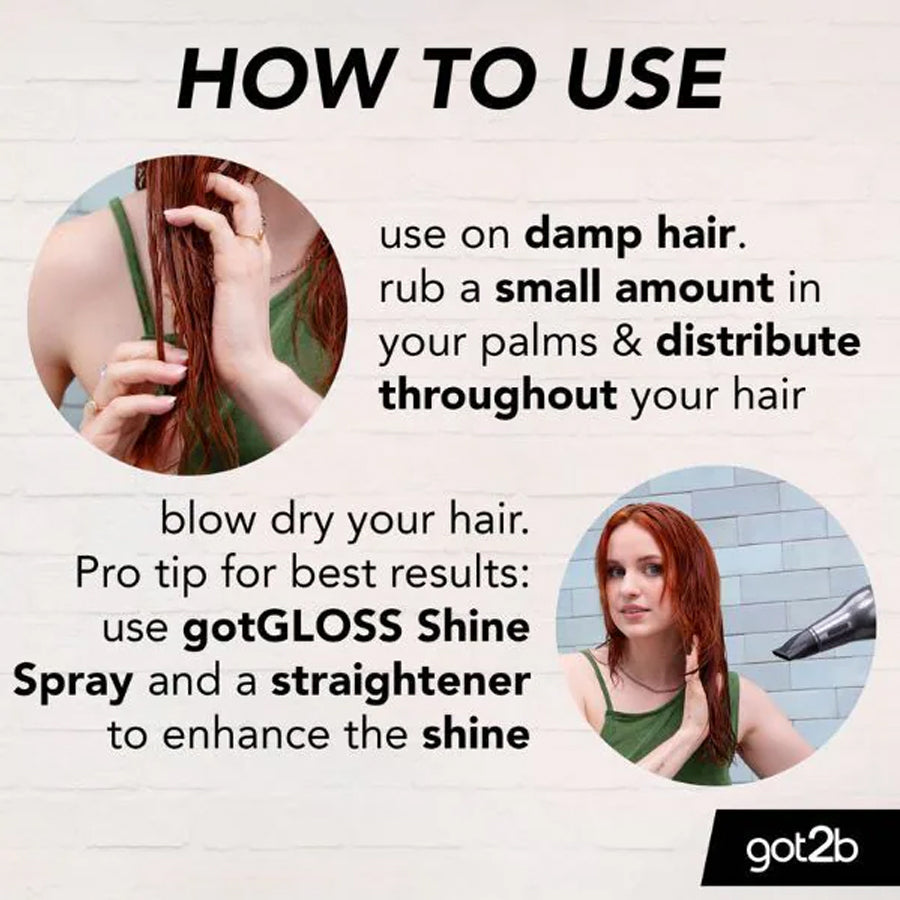 Schwarzkopf got2b Got GLOSS Hair Primer Lotion for Glossy Hair 150ml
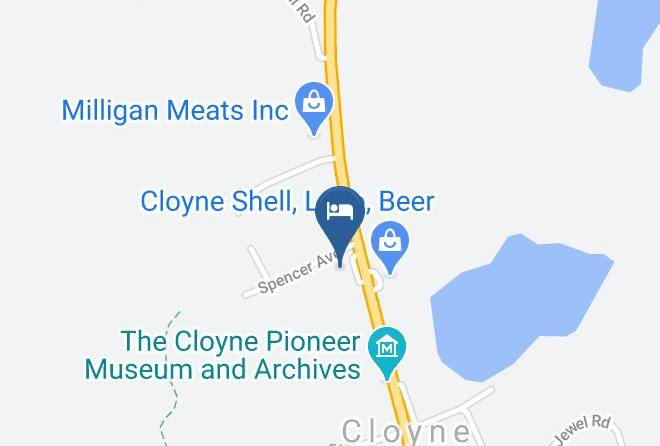 Lennox Addington - The Mazinaw Residence Inn Maps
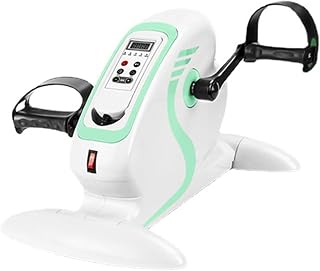 TongNS1 Pedal Exerciser with Digital Display, Fitness Rehabilitation Pedal Cycle,Exercise Bike Pedal Sit Down,for Leg and Arm Exercises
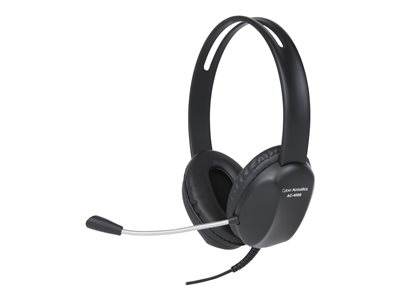 Cyber Acoustics AC 4000 Headset full size wired 3.5 mm jack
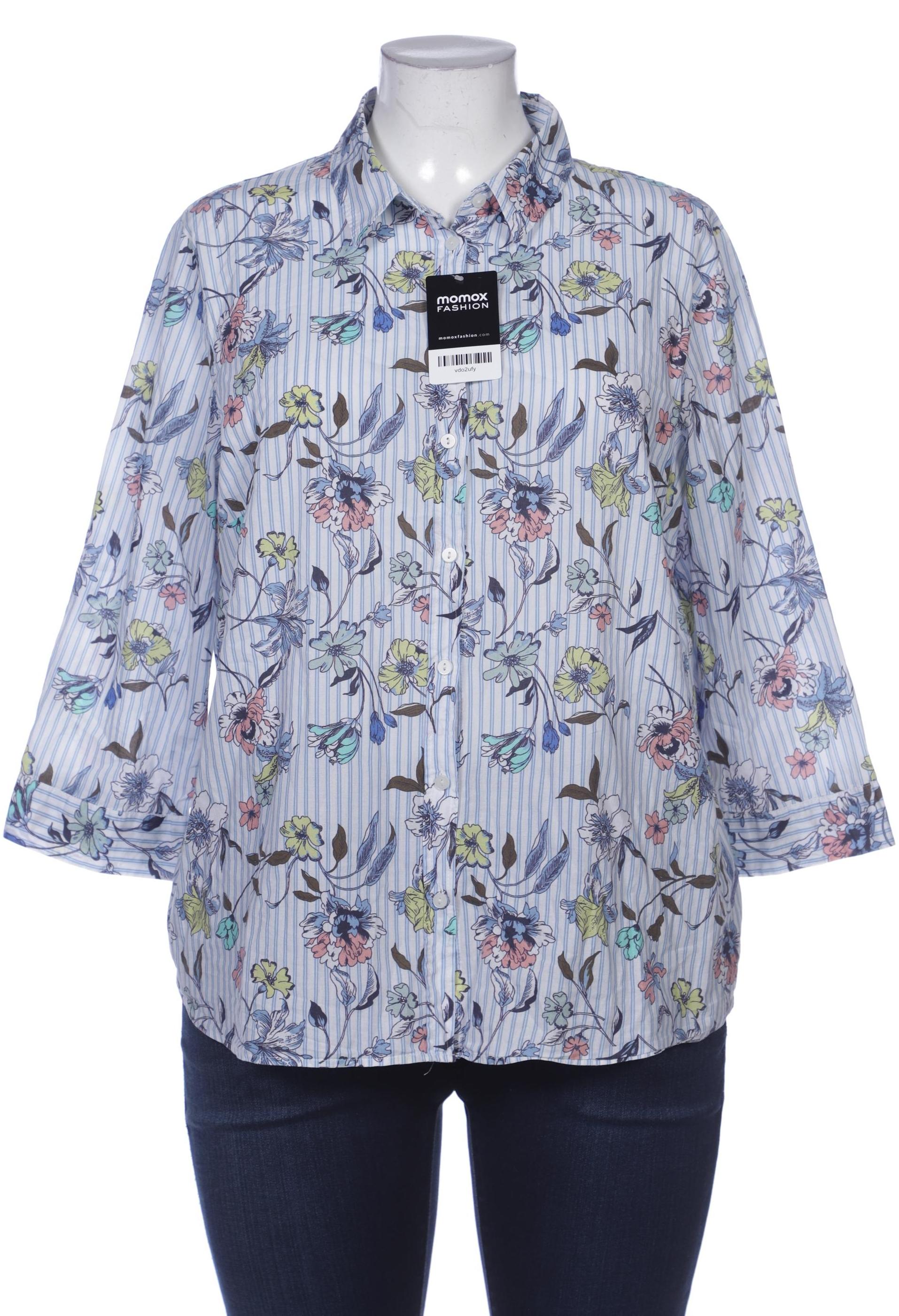 

Gerry Weber Damen Bluse, weiß, Gr. 44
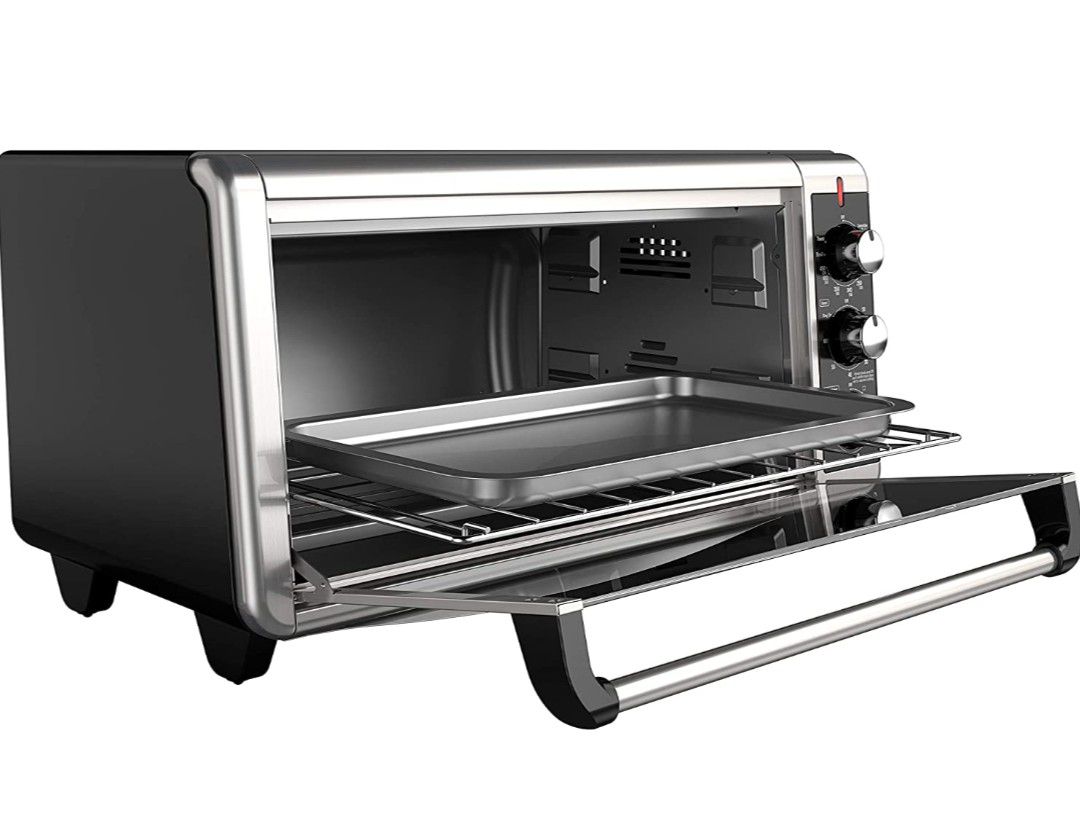 BLACK+DECKER TO3250XSB 8-Slice Extra Wide Convection Countertop Toaster Oven,903  for Sale in Murfreesboro, TN - OfferUp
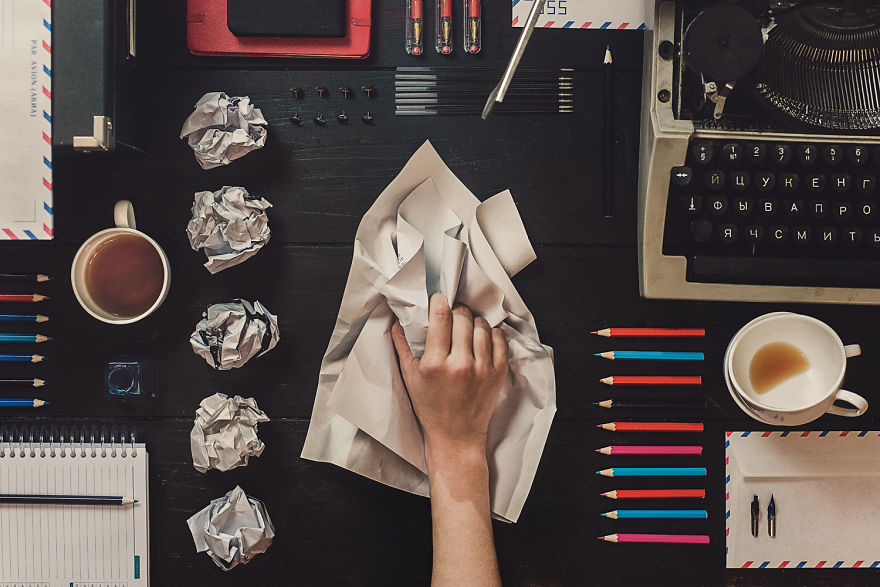 Desktop Stories: Adventures Of Everyday Objects I Find On My Desk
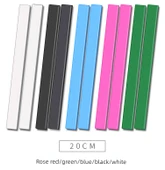 Beyaz Tahta Magnet Şeridi - 30cm - Koyu Mavi - 2'li Paket - 9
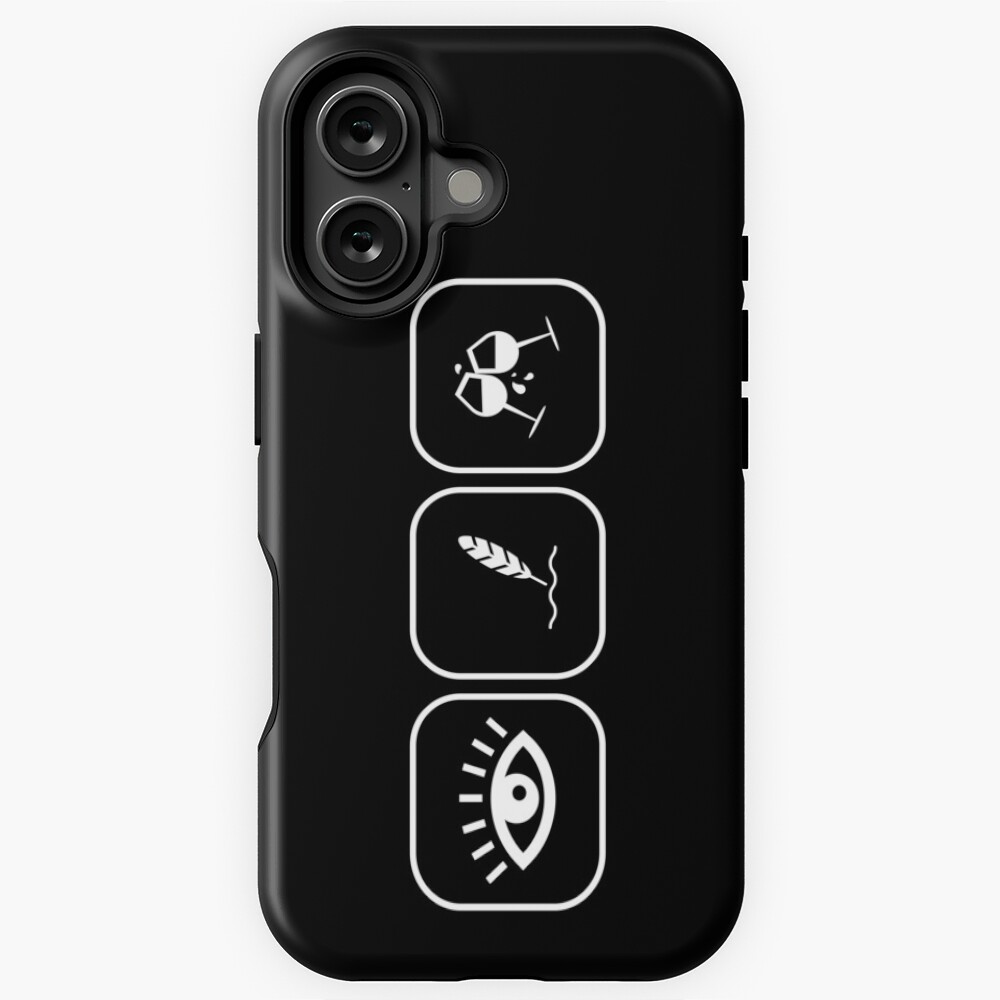Item preview, iPhone Magsafe Tough Case designed and sold by Mindful-Designs.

──────────

_WHAT YOU SHOULD DO_
Write out each line of the listing above, exactly, from its first line to the line holding "BLACK+DECKER TO3250XSB 8-Slice", inclusive. Skip the pictures.

_SOLUTION_
 Schwarzkopf got2b Got GLOSS Hair Primer Lotion for Glossy Hair 150ml
 Lennox Addington - The Mazinaw Residence Inn Maps
 TongNS1 Pedal Exerciser with Digital Display, Fitness Rehabilitation Pedal Cycle,Exercise Bike Pedal Sit Down,for Leg and Arm Exercises
 Cyber Acoustics AC 4000 Headset full size wired 3.5 mm jack

Gerry Weber Damen Bluse, weiß, Gr. 44
 BLACK+DECKER TO3250XSB 8-Slice Extra Wide Convection Countertop Toaster Oven,903  for Sale in Murfreesboro, TN - OfferUp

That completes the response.